:: Data shown
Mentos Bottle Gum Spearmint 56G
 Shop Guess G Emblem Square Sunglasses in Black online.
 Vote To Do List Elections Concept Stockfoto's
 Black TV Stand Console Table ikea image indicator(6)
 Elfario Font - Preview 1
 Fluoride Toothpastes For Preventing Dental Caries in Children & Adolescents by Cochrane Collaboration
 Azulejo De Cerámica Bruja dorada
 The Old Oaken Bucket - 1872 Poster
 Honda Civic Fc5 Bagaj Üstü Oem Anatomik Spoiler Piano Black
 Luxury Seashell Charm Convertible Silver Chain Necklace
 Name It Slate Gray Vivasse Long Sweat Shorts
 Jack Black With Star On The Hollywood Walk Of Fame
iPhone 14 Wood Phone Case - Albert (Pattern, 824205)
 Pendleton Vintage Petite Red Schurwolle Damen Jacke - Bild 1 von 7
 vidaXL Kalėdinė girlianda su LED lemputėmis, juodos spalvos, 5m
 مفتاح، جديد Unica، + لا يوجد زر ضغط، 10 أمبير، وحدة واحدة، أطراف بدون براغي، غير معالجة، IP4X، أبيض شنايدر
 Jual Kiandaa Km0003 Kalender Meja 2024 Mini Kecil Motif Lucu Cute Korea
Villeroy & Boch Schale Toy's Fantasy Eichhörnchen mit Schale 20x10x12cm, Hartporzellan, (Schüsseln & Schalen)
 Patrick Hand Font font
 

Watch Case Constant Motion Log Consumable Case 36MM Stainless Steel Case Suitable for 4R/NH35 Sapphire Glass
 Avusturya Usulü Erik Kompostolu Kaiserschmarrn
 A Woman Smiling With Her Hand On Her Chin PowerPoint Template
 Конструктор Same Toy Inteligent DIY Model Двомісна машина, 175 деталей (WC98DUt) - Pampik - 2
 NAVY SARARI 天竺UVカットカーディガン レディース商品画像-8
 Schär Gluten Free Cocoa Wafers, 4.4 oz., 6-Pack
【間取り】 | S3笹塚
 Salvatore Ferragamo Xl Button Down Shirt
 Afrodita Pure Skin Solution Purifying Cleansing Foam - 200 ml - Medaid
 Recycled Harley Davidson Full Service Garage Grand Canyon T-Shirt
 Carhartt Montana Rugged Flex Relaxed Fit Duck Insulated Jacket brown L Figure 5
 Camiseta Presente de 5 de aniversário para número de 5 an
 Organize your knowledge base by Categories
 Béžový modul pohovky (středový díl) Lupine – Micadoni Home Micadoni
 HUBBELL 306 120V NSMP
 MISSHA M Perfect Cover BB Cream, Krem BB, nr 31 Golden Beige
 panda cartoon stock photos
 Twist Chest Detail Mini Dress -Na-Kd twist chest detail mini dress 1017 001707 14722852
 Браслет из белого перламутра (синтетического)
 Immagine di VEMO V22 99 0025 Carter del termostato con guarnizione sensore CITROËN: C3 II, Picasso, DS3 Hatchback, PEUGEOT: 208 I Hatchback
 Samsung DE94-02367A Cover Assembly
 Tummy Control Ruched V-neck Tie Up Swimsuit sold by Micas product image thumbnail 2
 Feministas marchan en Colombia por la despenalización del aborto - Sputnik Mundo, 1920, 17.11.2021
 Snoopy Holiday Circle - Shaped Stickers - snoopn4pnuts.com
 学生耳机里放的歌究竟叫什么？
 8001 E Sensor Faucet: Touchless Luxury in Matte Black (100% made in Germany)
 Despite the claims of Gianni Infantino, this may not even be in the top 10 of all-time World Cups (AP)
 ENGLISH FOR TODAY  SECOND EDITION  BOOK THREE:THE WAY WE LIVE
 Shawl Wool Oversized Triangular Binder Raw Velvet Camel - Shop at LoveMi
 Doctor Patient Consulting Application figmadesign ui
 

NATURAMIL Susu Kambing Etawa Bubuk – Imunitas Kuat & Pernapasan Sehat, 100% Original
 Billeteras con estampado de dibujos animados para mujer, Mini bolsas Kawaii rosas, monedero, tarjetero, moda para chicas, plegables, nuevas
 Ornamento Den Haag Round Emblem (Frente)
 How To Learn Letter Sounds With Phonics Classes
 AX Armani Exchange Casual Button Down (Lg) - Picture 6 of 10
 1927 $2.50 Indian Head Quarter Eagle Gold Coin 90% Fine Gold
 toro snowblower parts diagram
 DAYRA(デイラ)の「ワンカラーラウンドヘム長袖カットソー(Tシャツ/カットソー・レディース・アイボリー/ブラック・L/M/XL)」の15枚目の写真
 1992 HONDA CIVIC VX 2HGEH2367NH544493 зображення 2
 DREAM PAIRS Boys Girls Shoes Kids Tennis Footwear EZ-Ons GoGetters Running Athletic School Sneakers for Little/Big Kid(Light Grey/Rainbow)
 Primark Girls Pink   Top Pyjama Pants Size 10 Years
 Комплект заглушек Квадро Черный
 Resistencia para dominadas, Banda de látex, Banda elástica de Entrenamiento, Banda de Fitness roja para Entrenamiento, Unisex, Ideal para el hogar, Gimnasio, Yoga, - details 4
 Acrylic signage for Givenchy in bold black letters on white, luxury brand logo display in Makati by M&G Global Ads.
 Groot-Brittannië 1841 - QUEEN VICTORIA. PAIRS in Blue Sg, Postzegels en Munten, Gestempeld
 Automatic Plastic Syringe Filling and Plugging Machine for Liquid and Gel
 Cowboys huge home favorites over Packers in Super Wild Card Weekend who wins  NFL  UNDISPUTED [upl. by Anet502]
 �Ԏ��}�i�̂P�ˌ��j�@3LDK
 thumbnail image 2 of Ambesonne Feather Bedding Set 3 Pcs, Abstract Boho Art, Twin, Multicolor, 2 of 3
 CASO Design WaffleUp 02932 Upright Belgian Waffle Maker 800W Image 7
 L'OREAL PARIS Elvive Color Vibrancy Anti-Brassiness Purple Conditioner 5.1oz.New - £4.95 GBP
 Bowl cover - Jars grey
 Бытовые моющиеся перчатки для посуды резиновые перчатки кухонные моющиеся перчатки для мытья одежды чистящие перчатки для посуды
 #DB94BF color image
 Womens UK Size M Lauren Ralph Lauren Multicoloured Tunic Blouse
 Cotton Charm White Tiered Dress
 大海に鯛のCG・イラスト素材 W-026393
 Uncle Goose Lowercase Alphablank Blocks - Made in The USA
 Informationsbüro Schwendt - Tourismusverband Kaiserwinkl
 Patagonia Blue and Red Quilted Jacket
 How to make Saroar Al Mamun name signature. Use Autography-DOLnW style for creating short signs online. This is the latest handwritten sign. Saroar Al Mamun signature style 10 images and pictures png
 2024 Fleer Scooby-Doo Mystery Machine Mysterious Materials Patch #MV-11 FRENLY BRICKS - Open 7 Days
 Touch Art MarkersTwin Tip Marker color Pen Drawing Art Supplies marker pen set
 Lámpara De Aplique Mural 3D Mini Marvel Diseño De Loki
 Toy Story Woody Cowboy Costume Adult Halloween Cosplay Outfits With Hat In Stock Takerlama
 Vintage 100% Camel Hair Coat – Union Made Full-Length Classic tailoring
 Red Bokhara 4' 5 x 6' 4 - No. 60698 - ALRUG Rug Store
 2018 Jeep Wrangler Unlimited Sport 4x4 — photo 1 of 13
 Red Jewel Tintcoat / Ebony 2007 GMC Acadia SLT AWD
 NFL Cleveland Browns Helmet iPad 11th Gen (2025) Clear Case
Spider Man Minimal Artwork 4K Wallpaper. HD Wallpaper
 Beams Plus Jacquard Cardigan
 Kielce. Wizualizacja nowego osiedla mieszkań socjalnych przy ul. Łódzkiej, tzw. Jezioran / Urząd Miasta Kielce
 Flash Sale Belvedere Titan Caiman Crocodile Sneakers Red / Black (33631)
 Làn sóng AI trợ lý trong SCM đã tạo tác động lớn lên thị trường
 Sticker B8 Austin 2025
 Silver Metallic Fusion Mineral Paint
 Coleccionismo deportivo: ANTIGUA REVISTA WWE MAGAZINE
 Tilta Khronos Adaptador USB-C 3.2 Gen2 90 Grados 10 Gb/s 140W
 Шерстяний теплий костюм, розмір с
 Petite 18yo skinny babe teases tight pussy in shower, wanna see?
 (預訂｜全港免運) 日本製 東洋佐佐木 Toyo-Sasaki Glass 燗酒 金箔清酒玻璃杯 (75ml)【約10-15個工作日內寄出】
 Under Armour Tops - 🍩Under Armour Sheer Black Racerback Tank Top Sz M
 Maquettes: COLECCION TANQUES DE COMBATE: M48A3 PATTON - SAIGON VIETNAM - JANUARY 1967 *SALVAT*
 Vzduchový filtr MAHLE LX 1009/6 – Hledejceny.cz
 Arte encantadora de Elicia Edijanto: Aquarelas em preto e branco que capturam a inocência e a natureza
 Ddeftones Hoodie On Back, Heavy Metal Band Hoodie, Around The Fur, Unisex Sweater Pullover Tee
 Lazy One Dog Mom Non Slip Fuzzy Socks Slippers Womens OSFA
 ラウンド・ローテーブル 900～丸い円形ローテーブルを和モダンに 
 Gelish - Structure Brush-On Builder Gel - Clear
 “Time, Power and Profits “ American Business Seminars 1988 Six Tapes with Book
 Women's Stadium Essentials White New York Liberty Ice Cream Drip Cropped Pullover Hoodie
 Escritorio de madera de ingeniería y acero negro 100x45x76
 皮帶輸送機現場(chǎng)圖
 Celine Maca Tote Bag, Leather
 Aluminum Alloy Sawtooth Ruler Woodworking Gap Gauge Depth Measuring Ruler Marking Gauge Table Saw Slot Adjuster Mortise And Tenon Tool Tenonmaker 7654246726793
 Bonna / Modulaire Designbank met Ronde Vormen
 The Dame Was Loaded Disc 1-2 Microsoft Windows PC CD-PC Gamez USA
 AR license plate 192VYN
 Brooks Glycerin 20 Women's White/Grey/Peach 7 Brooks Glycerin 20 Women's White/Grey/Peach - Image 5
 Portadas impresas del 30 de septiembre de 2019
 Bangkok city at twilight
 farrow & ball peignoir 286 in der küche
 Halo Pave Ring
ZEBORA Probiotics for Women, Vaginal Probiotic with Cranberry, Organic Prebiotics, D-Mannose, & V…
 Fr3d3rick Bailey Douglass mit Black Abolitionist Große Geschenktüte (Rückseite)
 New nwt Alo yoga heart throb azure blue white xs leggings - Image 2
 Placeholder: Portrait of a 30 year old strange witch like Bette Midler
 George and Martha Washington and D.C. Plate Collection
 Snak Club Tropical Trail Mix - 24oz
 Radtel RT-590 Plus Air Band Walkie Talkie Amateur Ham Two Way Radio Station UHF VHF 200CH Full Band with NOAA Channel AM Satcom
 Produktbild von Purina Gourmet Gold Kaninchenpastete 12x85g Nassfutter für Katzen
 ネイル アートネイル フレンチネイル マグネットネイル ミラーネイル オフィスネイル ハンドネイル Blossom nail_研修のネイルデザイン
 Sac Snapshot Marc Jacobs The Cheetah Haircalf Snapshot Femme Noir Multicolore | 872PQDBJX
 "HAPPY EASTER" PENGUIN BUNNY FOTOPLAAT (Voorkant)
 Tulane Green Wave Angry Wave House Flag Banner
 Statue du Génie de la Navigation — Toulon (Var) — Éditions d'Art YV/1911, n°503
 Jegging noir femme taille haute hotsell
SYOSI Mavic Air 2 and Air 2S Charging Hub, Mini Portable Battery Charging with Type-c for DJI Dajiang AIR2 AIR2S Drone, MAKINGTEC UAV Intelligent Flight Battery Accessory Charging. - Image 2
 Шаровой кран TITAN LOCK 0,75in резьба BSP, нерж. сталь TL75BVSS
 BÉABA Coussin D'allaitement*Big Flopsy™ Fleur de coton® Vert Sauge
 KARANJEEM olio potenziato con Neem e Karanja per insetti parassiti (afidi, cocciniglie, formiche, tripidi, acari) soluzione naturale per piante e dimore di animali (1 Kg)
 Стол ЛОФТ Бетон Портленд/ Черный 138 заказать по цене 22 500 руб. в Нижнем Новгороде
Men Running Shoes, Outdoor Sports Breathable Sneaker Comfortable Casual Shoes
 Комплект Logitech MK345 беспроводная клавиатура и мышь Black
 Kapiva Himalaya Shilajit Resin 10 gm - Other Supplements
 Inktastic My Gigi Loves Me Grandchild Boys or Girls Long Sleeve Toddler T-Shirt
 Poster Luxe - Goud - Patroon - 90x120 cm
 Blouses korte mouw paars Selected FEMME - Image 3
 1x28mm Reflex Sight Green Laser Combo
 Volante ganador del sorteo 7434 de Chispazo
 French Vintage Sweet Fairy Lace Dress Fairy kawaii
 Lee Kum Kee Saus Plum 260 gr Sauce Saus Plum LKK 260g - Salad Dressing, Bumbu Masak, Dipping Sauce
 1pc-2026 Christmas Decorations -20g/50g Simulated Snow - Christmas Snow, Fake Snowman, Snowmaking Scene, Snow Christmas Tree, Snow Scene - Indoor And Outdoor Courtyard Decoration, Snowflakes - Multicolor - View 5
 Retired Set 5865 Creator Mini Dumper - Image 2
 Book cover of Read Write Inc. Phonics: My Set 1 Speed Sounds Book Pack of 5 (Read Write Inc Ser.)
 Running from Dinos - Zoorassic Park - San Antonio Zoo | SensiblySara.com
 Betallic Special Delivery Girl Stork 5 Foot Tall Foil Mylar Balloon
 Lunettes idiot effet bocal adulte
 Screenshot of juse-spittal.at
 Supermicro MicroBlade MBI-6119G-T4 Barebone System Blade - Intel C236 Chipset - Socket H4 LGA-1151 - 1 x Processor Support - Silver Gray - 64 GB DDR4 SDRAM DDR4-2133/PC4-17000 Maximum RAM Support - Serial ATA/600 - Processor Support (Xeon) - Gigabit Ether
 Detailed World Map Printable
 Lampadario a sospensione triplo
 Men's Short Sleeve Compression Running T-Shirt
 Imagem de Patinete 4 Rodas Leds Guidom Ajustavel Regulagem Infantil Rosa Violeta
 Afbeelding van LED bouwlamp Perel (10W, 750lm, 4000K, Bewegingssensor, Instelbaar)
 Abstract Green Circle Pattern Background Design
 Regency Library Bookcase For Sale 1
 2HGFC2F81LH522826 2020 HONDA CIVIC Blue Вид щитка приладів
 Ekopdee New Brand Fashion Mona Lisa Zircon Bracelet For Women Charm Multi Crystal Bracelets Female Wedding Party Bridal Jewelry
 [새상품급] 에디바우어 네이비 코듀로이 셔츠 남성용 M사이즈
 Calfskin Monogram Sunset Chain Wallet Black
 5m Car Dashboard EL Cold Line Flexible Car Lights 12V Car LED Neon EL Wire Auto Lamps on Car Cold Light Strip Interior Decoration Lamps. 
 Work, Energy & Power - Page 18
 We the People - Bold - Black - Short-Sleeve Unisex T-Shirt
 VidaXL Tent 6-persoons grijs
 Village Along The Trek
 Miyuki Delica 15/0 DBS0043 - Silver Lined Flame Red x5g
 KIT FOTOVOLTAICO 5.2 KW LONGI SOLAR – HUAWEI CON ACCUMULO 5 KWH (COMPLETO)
::::
Please copy the lines in the records above between the one holding "Feministas marchan en" and the one holding "8001 E Sensor", inclusive, exactly and with no other line.

■ Answer section
 Feministas marchan en Colombia por la despenalización del aborto - Sputnik Mundo, 1920, 17.11.2021
 Snoopy Holiday Circle - Shaped Stickers - snoopn4pnuts.com
 学生耳机里放的歌究竟叫什么？
 8001 E Sensor Faucet: Touchless Luxury in Matte Black (100% made in Germany)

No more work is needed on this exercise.